Induced incentive
- The goal of LLMs is not language - it is something that was induced
- ChatGPT is a community platform where the public participates in aligning AGI
Observation
- computing cost is decreasing exponentially
- teaching more low-level intelligence from induce incentive requires more computing
- low level (transformer) for high incentive structure (intelligence)

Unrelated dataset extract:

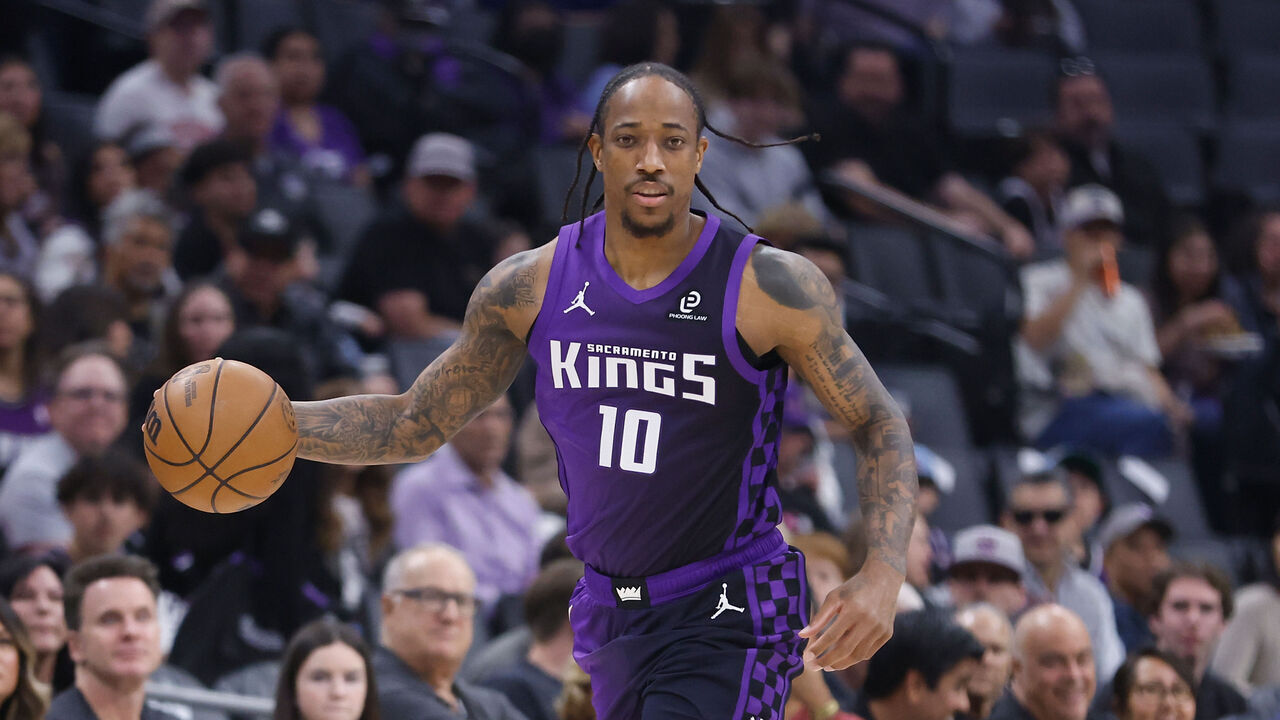 SACRAMENTO, CALIFORNIA - APRIL 03: DeMar DeRozan #10 of the Sacramento Kings dribbles the ball in the first quarter against the New Orleans Pelicans at Golden 1 Center on April 03, 2026 in Sacramento, California.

- unlike human, machine has different time budget
Loss is a bottom-up approach to induce AI functionality, while the reward function is a top-down approach to deduce AI features. In reinforcement learning or human evolution, natural selection acts as feedback to acquire features like self-replication and survival. In contrast, AI mimics such features through metrics like loss. At least until now, RLHF like reinforcement learning for Large Model is just for an alignment not creating a new feature based on Mechanistic interpretability.
Future architecture
Just as every value in the society are converted into money in society, all rewards in the brain are reduced to dopamine or happiness. Similarly, in AI models, this is currently modeled as reward or loss, mostly future prediction. However, this structure is too simple and easy to be reward hacked, and in the era where AI agents and Fast Weight are being introduced, AI could also incorporate more biological insights like running time, additional computation cost, or self-replication as incentives.
Teaching a man how to fish is more valuable than just giving him a fish. Teach him the taste of fish and make him hungry, rather than merely teaching him how to fish
One step towards building safe AI systems is to remove the need for humans to write goal functions, since using a simple proxy for a complex goal, or getting the complex goal a bit wrong, can lead to undesirable and even dangerous behavior.